- Opening Delimiter -

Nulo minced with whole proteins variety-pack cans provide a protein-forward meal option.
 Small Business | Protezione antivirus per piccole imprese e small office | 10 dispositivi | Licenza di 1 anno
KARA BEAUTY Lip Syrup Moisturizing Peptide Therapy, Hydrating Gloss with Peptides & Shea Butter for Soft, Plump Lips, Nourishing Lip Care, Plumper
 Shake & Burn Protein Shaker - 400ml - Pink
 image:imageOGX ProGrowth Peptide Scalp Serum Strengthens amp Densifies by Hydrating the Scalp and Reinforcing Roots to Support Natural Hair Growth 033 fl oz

- Closing Delimiter -

Aim of the exercise:
Which lines of the material contain "Hydrating"? List them.

Expected answer:
KARA BEAUTY Lip Syrup Moisturizing Peptide Therapy, Hydrating Gloss with Peptides & Shea Butter for Soft, Plump Lips, Nourishing Lip Care, Plumper
 image:imageOGX ProGrowth Peptide Scalp Serum Strengthens amp Densifies by Hydrating the Scalp and Reinforcing Roots to Support Natural Hair Growth 033 fl oz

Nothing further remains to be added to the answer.